Problem details: Every line below must be reproduced exactly; no pictures are to be included.
**********
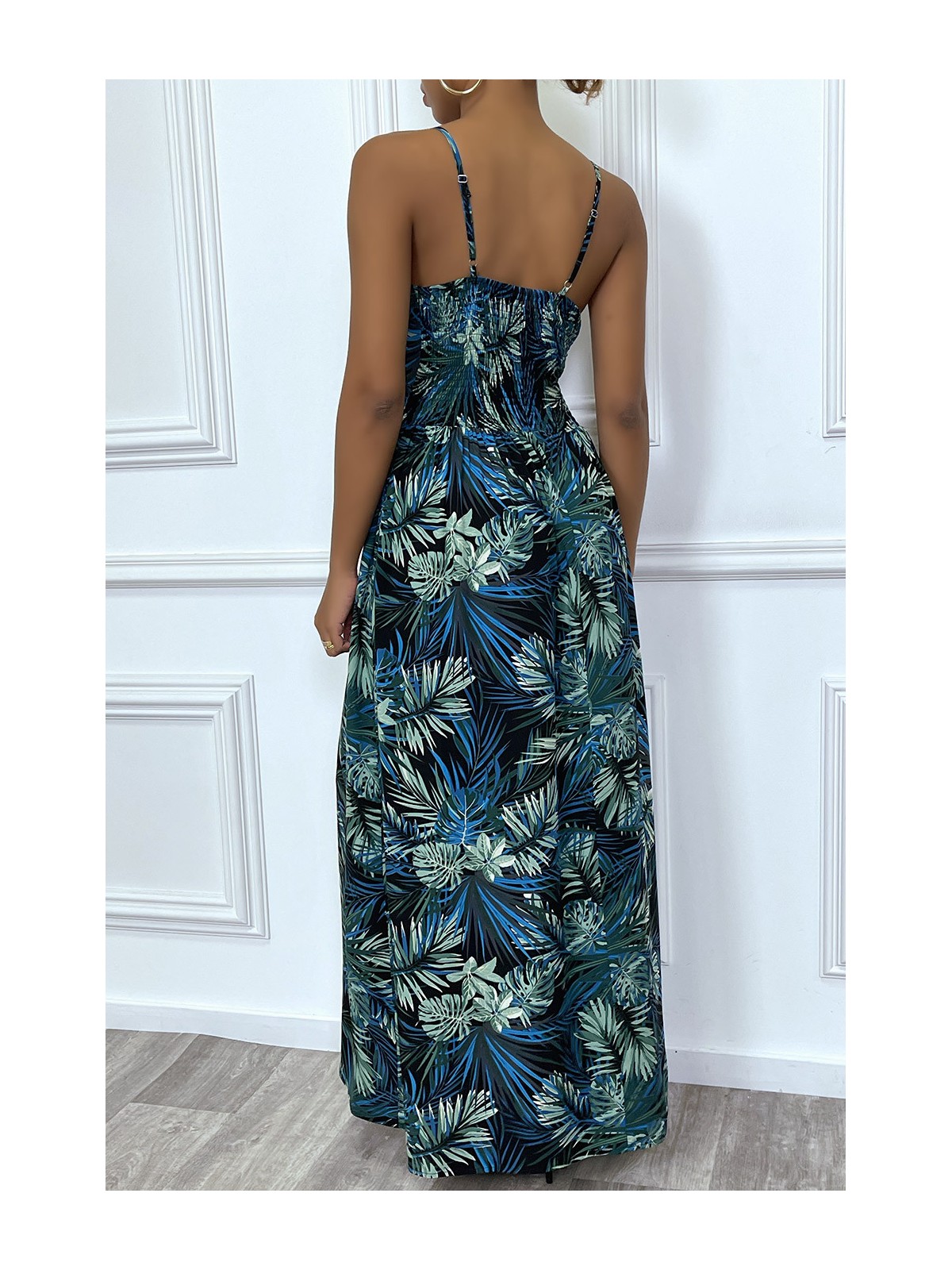 Longue robe d'été bleu royal à imprimé tropical et cintrée à la taille. - 4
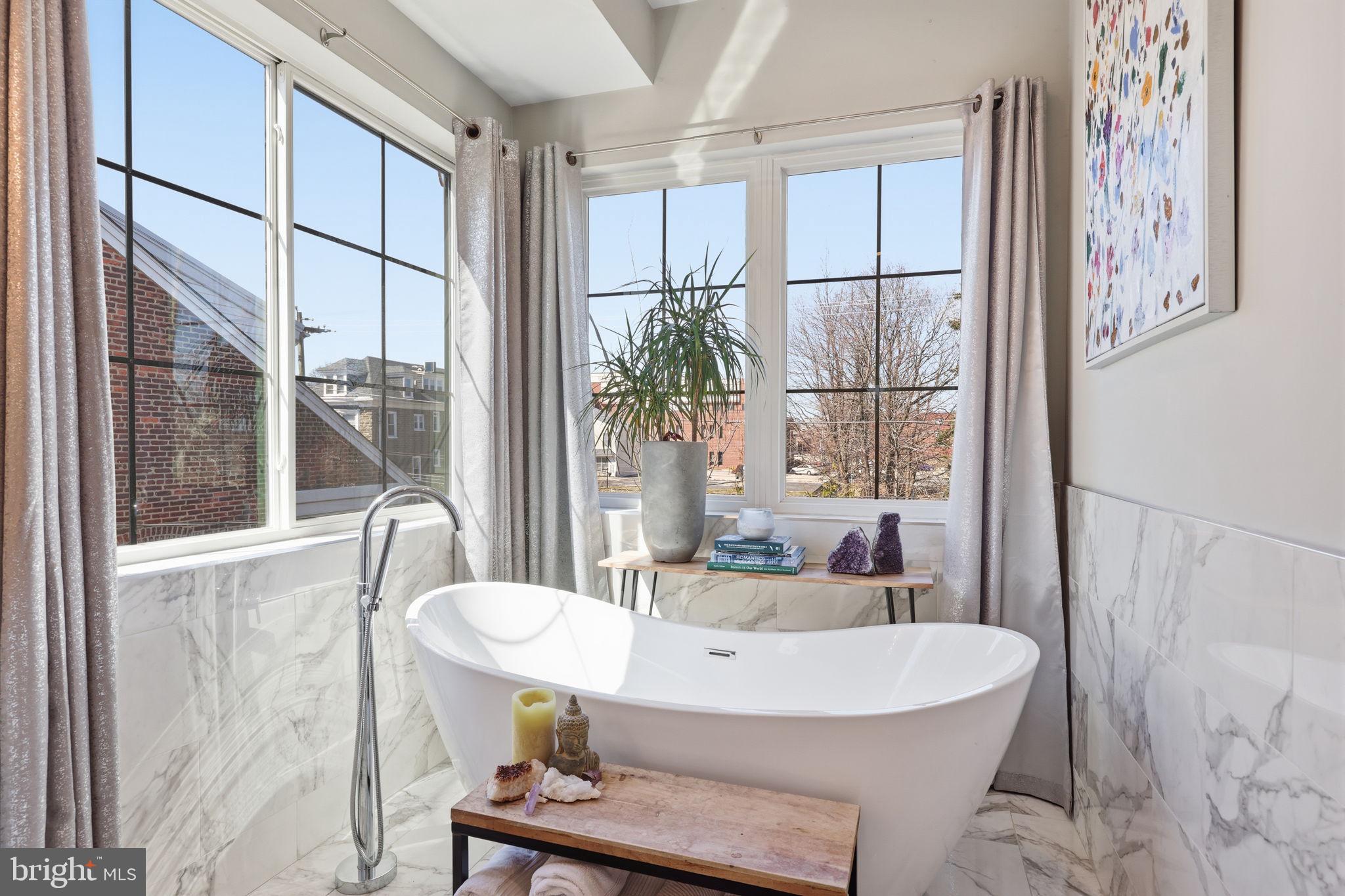 ROXBOROUGH - Residential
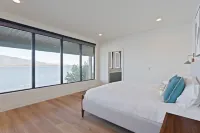 New Modern Luxury Home. Enjoy the Sweeping Lakefront and Mountain View’s. Hotels in Sagle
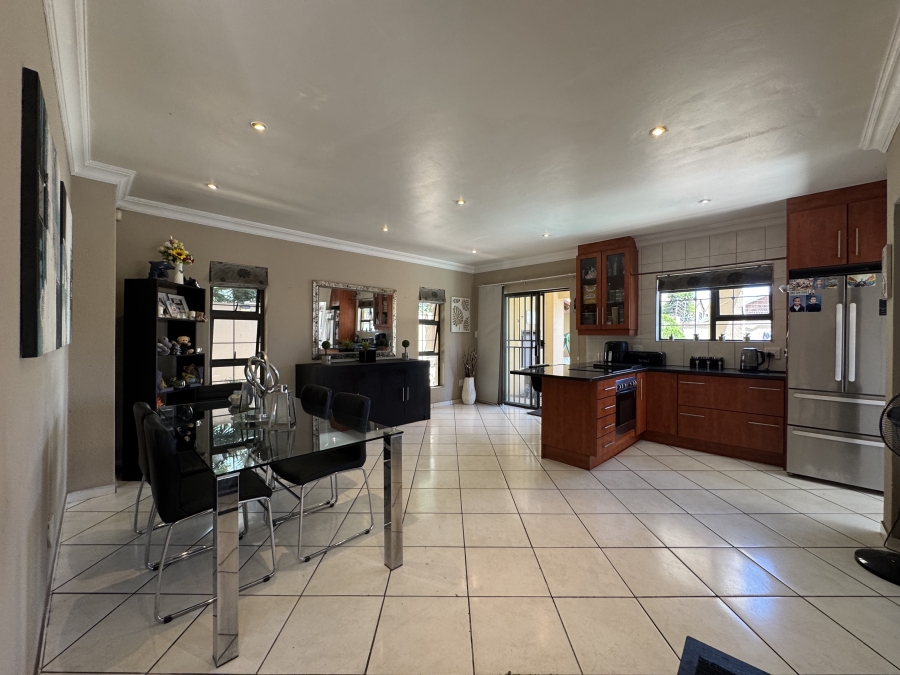 3 Bedroom Property for Sale in New Redruth Gauteng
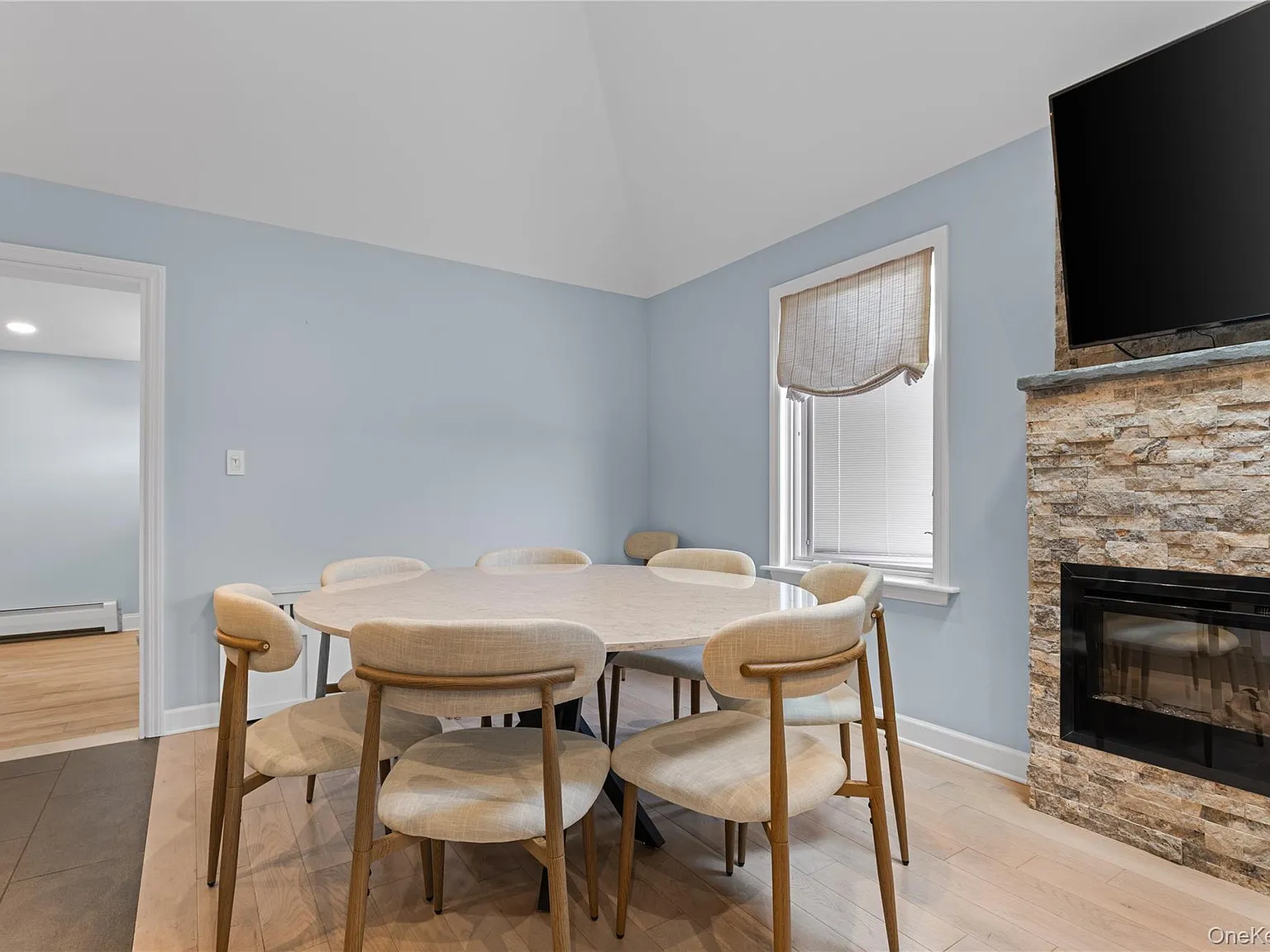 3 bed, 1.5 bath, $3,500 — Photo 2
**********
Answer for this exercise:
 Longue robe d'été bleu royal à imprimé tropical et cintrée à la taille. - 4
 ROXBOROUGH - Residential
 New Modern Luxury Home. Enjoy the Sweeping Lakefront and Mountain View’s. Hotels in Sagle
 3 Bedroom Property for Sale in New Redruth Gauteng
 3 bed, 1.5 bath, $3,500 — Photo 2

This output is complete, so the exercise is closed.